Postoperative morbidity was defined as a complication occurring during the hospital stay or within 30 days after surgery. Patients were assigned to 2 groups according to CD classification: minor complication group including CD grades I to II and major complication group including CD grades III to IV.

Statistical analysis

Data were analyzed using IBM SPSS Statistics ver. 23.0 (IBM Corp., Armonk, NY, USA). Clinicopathologic features of the 2 groups were analyzed using chi-square test or t-test. Continuous variables were recorded as the median and minimum to maximum ranges. Variables with P-value < 0.05 were considered statistically significant in univariate analysis. Using the variables identified as statistically significant by univariate analysis, multivariate analysis was carried out using the logistic regression model and Cox regression method. Disease-free survival rates were estimated using the Kaplan-Meier method, and differences between curves were compared using the log-rank test.

RESULTS

A total of 1,149 patients with stage I–III colorectal cancer underwent curative radical surgery in 2010. Of these patients, 334 patients (29.1%) had postoperative complications; 24 patients (2.1%) who experienced complications unrelated to surgery were excluded. The remaining 310 patients (27.0%) were categorized into 1 of 5 grades according to CD classification: (1) 52 patients (4.5%) were CD grade I; (2) 142 patients (12.4%) were CD grade II; (3) 78 patients (6.8%) were CD grade IIIa; 35 patients (3.0%) were CD grade IIIb; and (4) 3 patients (0.3%) were CD grade IVa. Severe complications such as CD grade IVb and mortality were absent. The type and frequency of complications are shown in Table 1. The most common type of complication related to surgery was wound complication (31.6%); postoperative ileus (19.7%) was the second most common complication. Anastomosis leakage occurred in 11.9% of cases and was the second most common complication (20.7%) in the major complication group. Most complications unrelated to surgery were in the minor complication group (91.7%).

Table 1.

Type and frequency of complication

Patients were divided into 2 subgroups, a minor complication group (CD grade I/II) and a major complication group (CD grade III/IV) containing 194 and 116 patients, respectively. Comparisons of clinicopathologic features of patients according to complication groups (CD grade I/II vs. III/IV) are shown in Table 2. Preoperative obstruction, operative method, length of hospital stay, pathologic N category, and tumor size differed significantly between the 2 groups.

Table 2.

Clinicopathologic features of surgery-related complications cohort (n=310)

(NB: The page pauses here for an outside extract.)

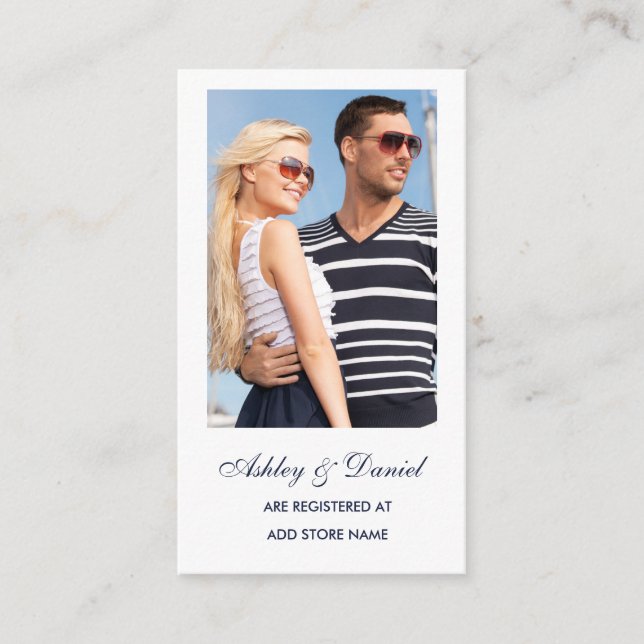 Wedding Registry Photo Insert Card - Choose Colour (Front)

Risk factors influencing the major complication group are shown in Table 3. Univariate logistic regression indicated that preoperative obstruction, operative method, pathologic N category, and neoadjuvant therapy were risk factors. On multivariate analysis, operative method, and pathologic N category were independent risk factors for the major complication group.

Table 3.

Risk factors influencing Clavien-Dindo grades III and IV in surgery-related complication cohort

In the median follow-up of 72.2 months (range, 0.2 to 113.6 months), the 5-year disease-free survival rate of this cohort was 81.5%. The 5-year disease-free survival rates of the minor complication group (CD grades I and II) and the major complication group (CD grades III and IV) were 84.4% and 78.5%, respectively. There was no statistically significant difference between minor and major complication groups (P= 0.392) (Fig. 1). The survival curves according to pathologic TNM stage differed significantly. The 5-year disease-free survival rates of patients with pStage 0, pStage I, pStage II, and pStage III were 95.5%, 94.1%, 84.2%, and 69.8%, respectively (P< 0.001) (Fig. 2).

Fig. 1.

Disease-free survival (DFS) curves by postoperative complication group of Clavien-Dindo (CD) classification after colorectal cancer surgery.

Fig. 2.

Disease-free survival (DFS) curves according to pathologic TNM stage (pStage) after colorectal cancer surgery.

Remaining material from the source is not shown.